Combining these sequences with the previous sequences from Baker et al. (1999) and Portway (1998) resulted in a 275-bp consensus region for a total of 136 samples representing 6 sampling locations (Table 1, Figure 1). These include 4 calving grounds: NZ (n = 42), SWA (n = 20), AR (n = 20), and SA (n = 41) and 2 feeding grounds: SWAF (n = 5) and SGF (2 = 8). An additional 10 haplotypes from AR were reconstructed from Malik et al. (2000) (Table 1). Because no frequency information was available for these sequences, they were only included in the phylogenetic reconstruction. The consensus region starts at the end of the tPro-RNA gene where position 1 corresponds to the same position in Baker et al. (1999). Alignment of sequences was unambiguous because there were no insertions or deletions. To allow easy reference to previous publications and reports, haplotypes were coded by a 3-letter abbreviation of the first author to report the haplotype, followed by the alphabetical or numerical code used in original publications (e.g., BakHapA from Baker et al. 1999)
The sex of the NZ samples was identified by the TaqI restriction digest of an amplified ZFX/Y gene (Palsbøll et al. 1992) and the sex of the SA samples was identified by multiplex amplification with 3 ZFX/Y primers (Bérubé and Palsbøll 1996).

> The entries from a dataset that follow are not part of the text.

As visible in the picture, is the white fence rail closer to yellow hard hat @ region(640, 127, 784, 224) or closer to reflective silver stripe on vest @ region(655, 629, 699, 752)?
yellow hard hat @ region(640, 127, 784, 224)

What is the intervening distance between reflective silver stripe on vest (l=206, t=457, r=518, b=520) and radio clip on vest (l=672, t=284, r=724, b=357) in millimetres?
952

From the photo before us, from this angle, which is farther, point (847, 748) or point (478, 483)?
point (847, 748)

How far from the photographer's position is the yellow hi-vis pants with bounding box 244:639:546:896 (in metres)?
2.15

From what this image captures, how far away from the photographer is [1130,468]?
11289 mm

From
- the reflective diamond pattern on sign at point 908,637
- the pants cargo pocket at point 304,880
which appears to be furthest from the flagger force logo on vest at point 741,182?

Phylogenetic Reconstruction
The phylogenetic relationship of maternal lineages of southern right whales was reconstructed with the program PAUP* 4.0d60 (Swofford 2000) using all available published or reconstructed mtDNA sequences. MtDNA sequence haplotypes from the North Atlantic (Malik et al. 2000) and the North Pacific right whales (Rosenbaum et al. 1997; Rosenbaum et al. 2000) were included to represent the worldwide diversity of right whales. The sequence for the out-group species, the bowhead whale (Balaena mysticetus), was obtained from Baker and Palumbi (1994; Genbank no. L35609). Optimal trees were constructed by heuristic search using maximum parsimony (MP), neighbor-joining (NJ), and maximum likelihood (ML). Based on a likelihood ratio test (Goldman 1993), the preferred model of evolution was HKY85 with variable rates among sites (HKY + G).
Population Demography
Two tests were performed to investigate past expansion or contraction in the southern right whale populations: Tajima's D-test of selective neutrality (Tajima 1989) and the mismatch distribution (Rogers and Harpending 1992). Tajima's D was calculated in the computer program ARLEQUIN version 2.000 (Schneider et al. 2000), and the significance of the D statistic was tested by simulating a distribution (1000 replicates) of D values under the null hypothesis of population stability (Schneider et al. 2000). In populations that have remained stable in size over time, Tajima's D-statistic is expected to be close to zero. Mismatch distributions were calculated using ARLEQUIN version 2.000, and the shape of the observed distribution was tested against the expected distribution under population expansion using the sum of squared deviations. The distribution is usually multimodal in samples drawn from populations at demographic equilibrium, whereas populations which have gone through a recent demographic expansion are expected to be unimodal (Slatkin and Hudson 1991; Rogers and Harpending 1992).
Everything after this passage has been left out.